Activity | Please restate each line of the data below exactly. Omit all images.

Information provided |
[Start of Attachment]
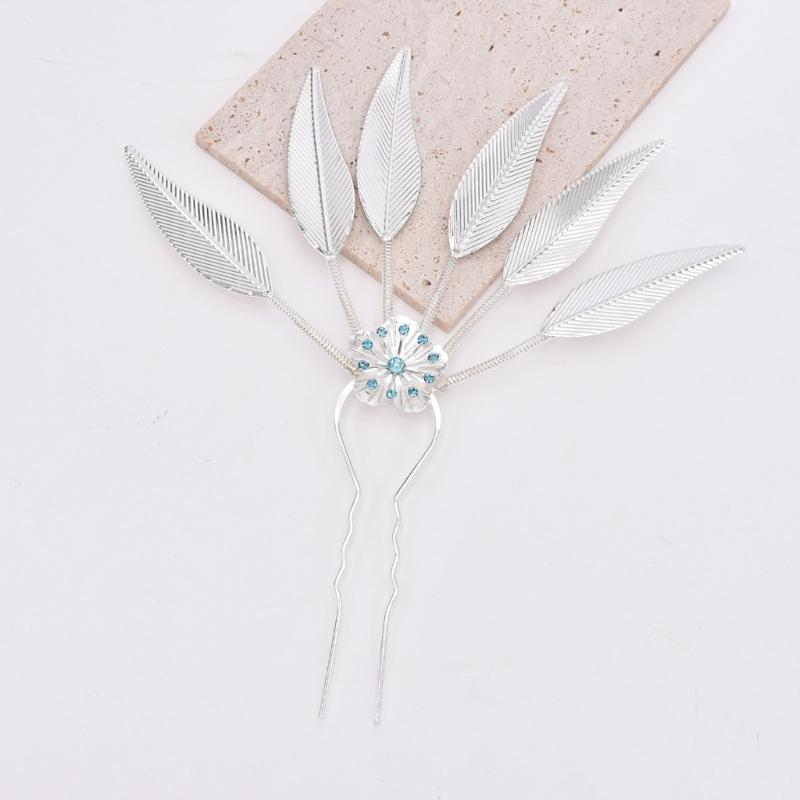 Alloy Peacocks Leaf Hair Stick Hairpieces with Rhinestones Thai Ethnic Hair Ornament Daily Hairstyle Embellishment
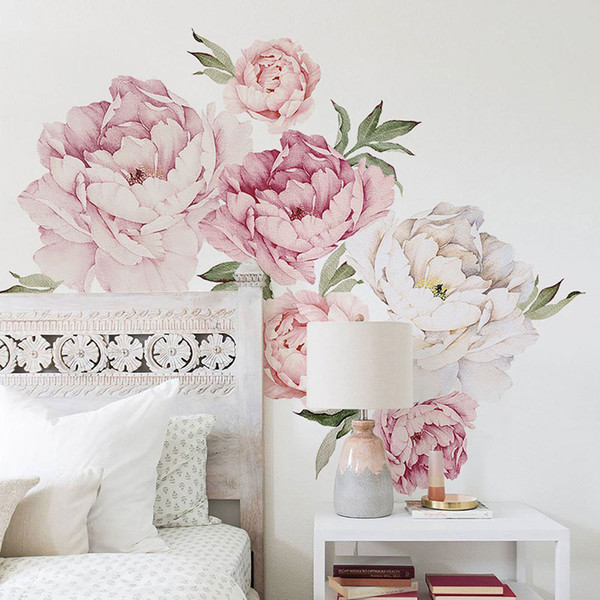 Peony Flowers Wall Sticker For Bedroom Modern Nordic Home Decoration Watercolor Flower Wall Decor Art Living Room Decoration Q190416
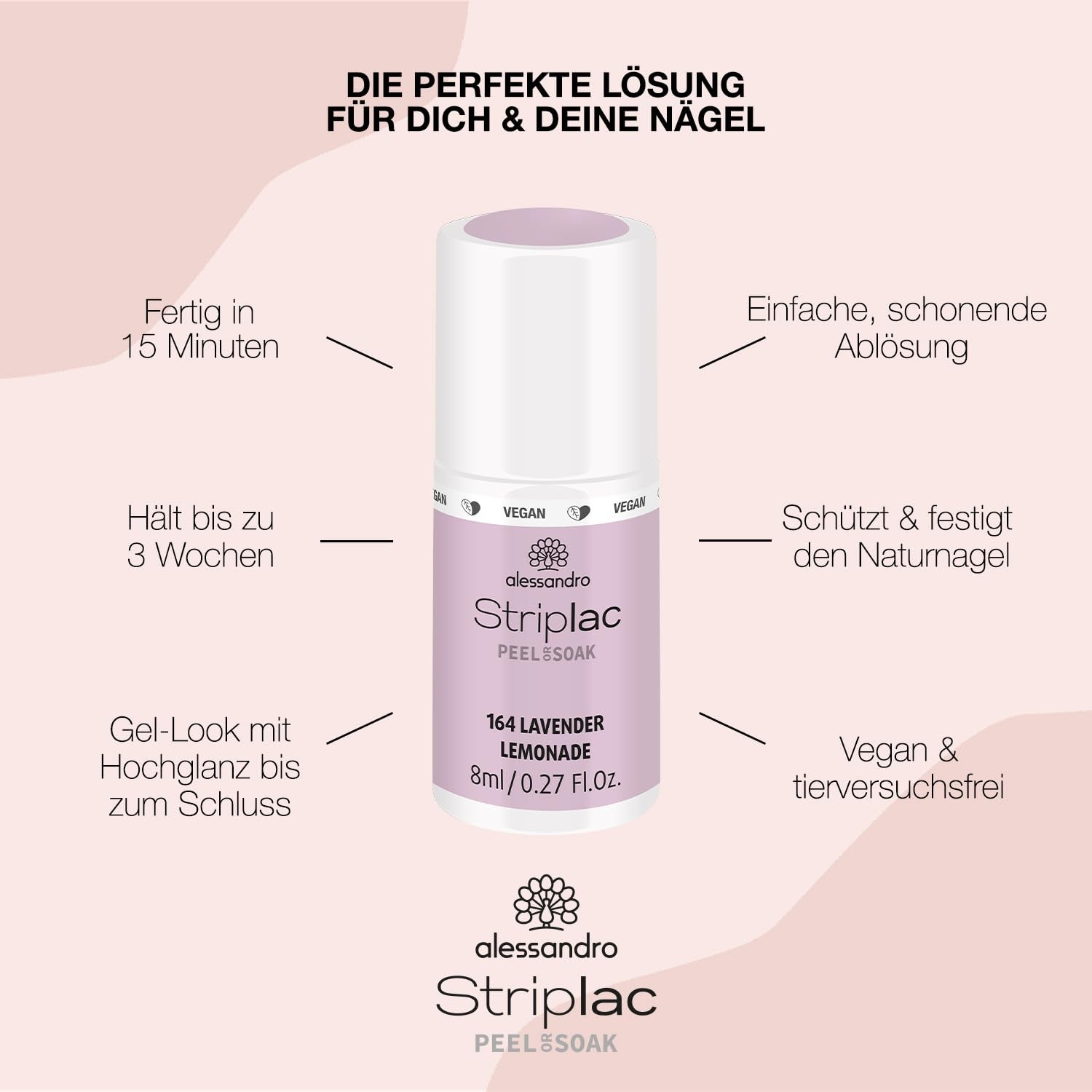 Vernis à ongles UV Alessandro Striplac Lavender Lemonade – Délicat et longue durée – S'enlève facilement grâce à la technologie de retrait – Vegan et cruelty-free – 8 ml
[End of Attachment]
Response area |
 Alloy Peacocks Leaf Hair Stick Hairpieces with Rhinestones Thai Ethnic Hair Ornament Daily Hairstyle Embellishment
 Peony Flowers Wall Sticker For Bedroom Modern Nordic Home Decoration Watercolor Flower Wall Decor Art Living Room Decoration Q190416
 Vernis à ongles UV Alessandro Striplac Lavender Lemonade – Délicat et longue durée – S'enlève facilement grâce à la technologie de retrait – Vegan et cruelty-free – 8 ml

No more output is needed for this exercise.